The measure passed with significant changes aimed at placating local government and school officials unhappy with former versions.
City and school representatives have said previous versions of the proposal would take millions in sales taxes on gasoline from their budgets as the state shifted to a 29.2 cent per gallon excise tax dedicated for transportation spending.
Sponsoring Rep. Jay Roberts, R-Ocilla, said other local sales taxes used for property tax relief would increase to 1.25 percent from 1 percent on other purchases. Those sales taxes still couldn't be charged on fuel.
The substitute also eliminates language saying lawmakers intended for a new $200 charge on electric vehicle users to be used for transit. Roberts said there are questions about whether lawmakers can dedicate any funding without changing the state constitution.
The bill still would eliminate Georgia's tax credit of up to $5,000 for electric vehicle purchases.
Roberts said he expects the bill to wind up in a conference committee where members from the Senate and House can hash out their differences before the end of the 40-day session.

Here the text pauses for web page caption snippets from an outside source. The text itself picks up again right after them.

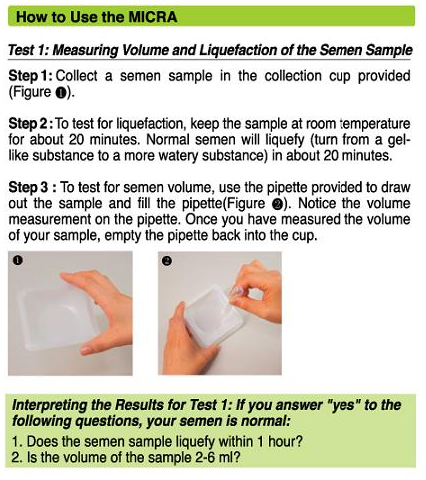 Sperm count and motility test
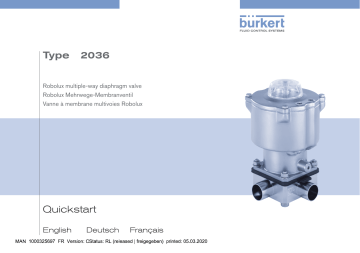 Burkert 2036 Robolux multiway multiport diaphragm valve Manuel utilisateur | Fixfr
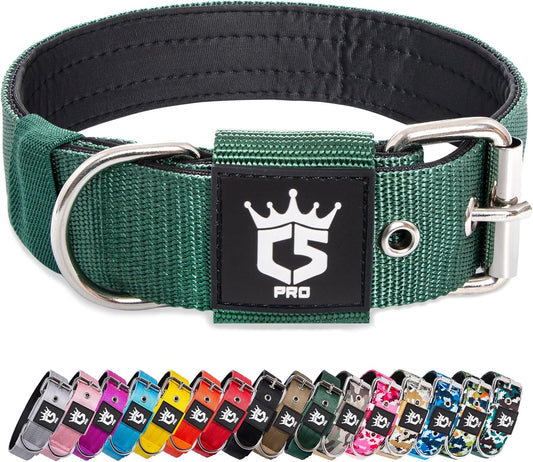 TSPRO Tactical Dog Collar 1.5 Inch Wide Thick Dog Collars with Heavy Duty Metal Buckle, Durable, Strong, Adjustable for Medium to Large Dogs (Green L)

"We need to make sure that we bring in business and industry, that they will be able to get that product from point A to point B or that their employees will be able to get to and from work without having to sit in traffic for an extra hour, hour and a half a day," he said.
Lawmakers are under pressure from the state's business community and Gov. Nathan Deal to pay for transportation needs as less money comes from the federal government and motor fuel tax revenue drops due to more efficient cars. A study committee found Georgia needs at least $1 billion more each year just to maintain its current roads and bridges.
Three members of the committee voted against the bill, including Rep. Tom McCall, R-Elberton. He asked Roberts whether organizations representing counties, cities and school boards were happy with the changes.
"I can tell you we've addressed a lot of their concerns, but I can't tell you they all have come out and endorsed this bill," Roberts said.